Sürdürülebilirlik, doğa hakları, hayvan hakları, insan hakları, eşitlik, çeşitlilik, yavaş yaşam, nitelikli tüketim ve daha sayabileceğimiz onlarca kavram üzerinde toplumu doğru yönlendirecek, kitlelere doğru bilgiyi, doğru şekilde iletebilecek bir gücü var PR'ın. PR'ın arka bahçesinde strateji var, yaratıcılık var, medya ilişkileri, örgüt kültürü, konumlandırma, algı yönetimi, itibar yönetimi gibi son derece ciddi nosyonlar ve elinde de disiplinlerarası bir güç var. Bu itici gücü neden daha iyiye, daha nitelikli hale ulaşmak için kullanmayalım ki? Bunun için evvela PR'a sahip çıkmalı, PR'ı anlamalı ve toplumun gücüne dayanarak PR'ın aktivist yönünü kullanmalıyız.


Peki Aktivizm Nedir?

Aktivizim, kelime anlamı olarak aksiyonizm ve etkincilik demektir. Yani toplumsal değişim getirmek adına bilinçli şekilde uygulanan eylemlerdir. Sıklıkla protesto ve muhaliflik ile karıştırılsa da aktivizm, doğru bulunanı desteklemek ve yanlış bulunanı daha iyisi ile değiştirmek için yapılan bilinçli faaliyetlerdir. Aktivizm en yalın haliyle bir amacı gerçekleştiren araçtır.

Aktivizmin onlarca türü var elbette. PR'ı da sadece medya aktivizmi ya da internet aktivizmi ile sınırlandırmak doğru olmaz. Çok daha genel geçer ve kapsayıcı bir aktivizm duruşu olmalı PR'ın elindeki güçle doğru orantılı olarak. Örneğin STK'lar, aktivist PR uygulamalarına iyi bir örnek teşkil eder. Pek çok farklı toplumsal konuda çalışan STK'ların kurguladığı ve uyguladığı iletişim PR anlamında aktivist bir tutuma sahiptir. Amaç toplumu doğru bilgilendirerek, konuyla ilgili toplumun farkındalığını sağlamak ve desteğini almaktır. Yani PR'ın aktivist gücü yabancı olunan bir durum değil.


Aktivizm ve PR

Bu konuda bizim önermemiz, hali hazırda uygulanmakta olan aktivist PR uygulamalarının kapsamını genişletmek yönünde. En basit haliyle her PR uygulayıcısı yapacağı iletişim kurgusunun temeline toplum çıkarlarını, toplumu doğru bilgilendirme arzusunu ve şeffaflık prensibini koyarsa; silsile halinde iyileşme ve değişim gelir. PR böyledir, nitelikli bir iş yapıldığında herkes daha niteliklisini yapmak ister. Rekabete de kendini geliştirmeye de çok elverişli bir alandır. Aktivist PR'a ön ayak olabilecek nitelikle bir PR uygulaması ardından pek çok aktivist ruhlu PR uygulamasını da beraberinde getirecektir.
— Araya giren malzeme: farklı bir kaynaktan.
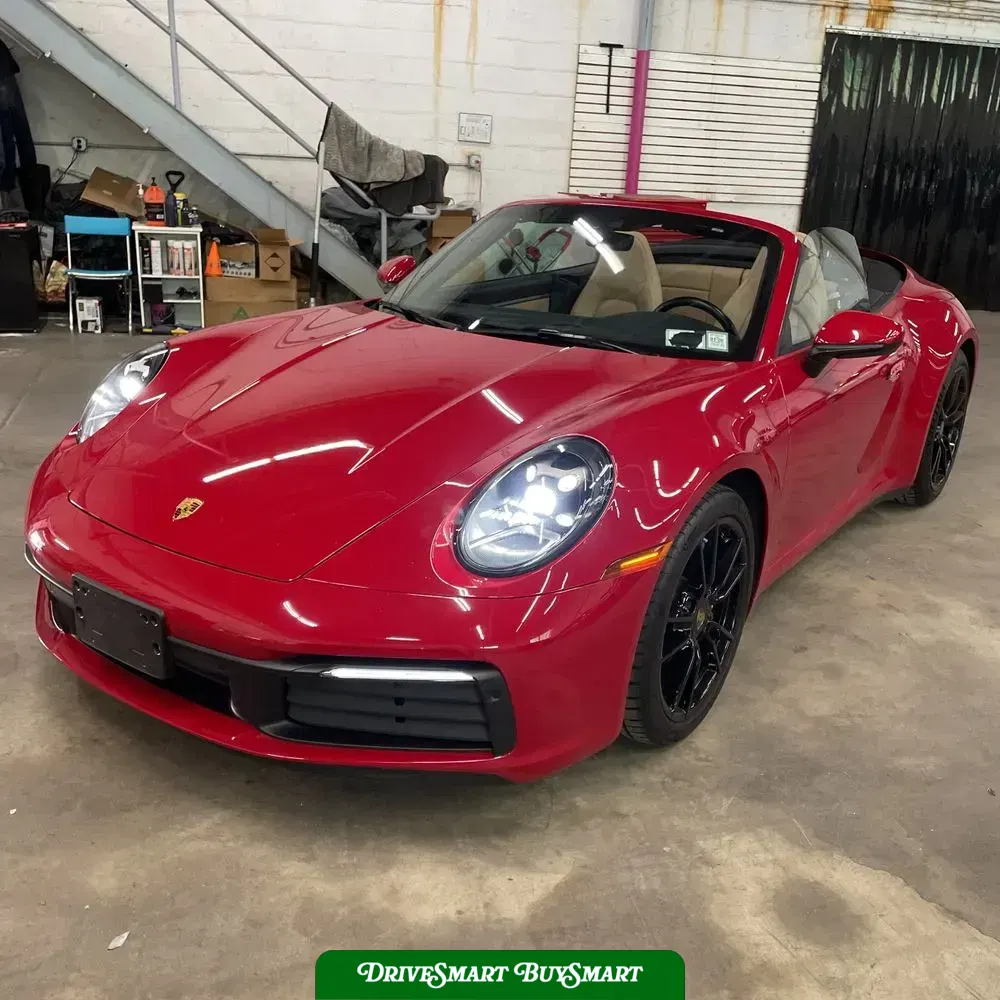 2021 Porsche 911 Carrera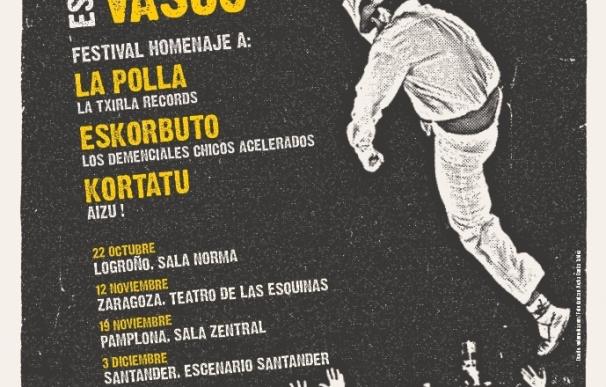 La gira homenaje 'Esto no es Rock Radical Vasco' continúa su viaje y llega a Logroño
Bu değişim için her PR uygulayıcısı oluşturacağı stratejinin temeline insanı, toplumu koymalı. Toplumu aldatmadan, gerçekleri çarpıtmadan; olanı olduğu gibi anlatmak yolunu tercih ettiğinde gelecek ilerlemenin başlattığı değişimi hep birlikte göreceğiz. Madem PR bugün hala lobicilik faaliyetleri ile anılıyor o zaman lobi faaliyetlerini gerçeği, iyiyi ve kolektife faydalı olanı talep etmek için neden kullanmayalım? Tüm PR profesyonelleri ile uzlaşmak; toplumsal uzlaşıyı da beraberinde getirecektir. Gücümüzü hatırlamanın ve en güçlü silahımız PR'ı kuşanmanın tam zamanı.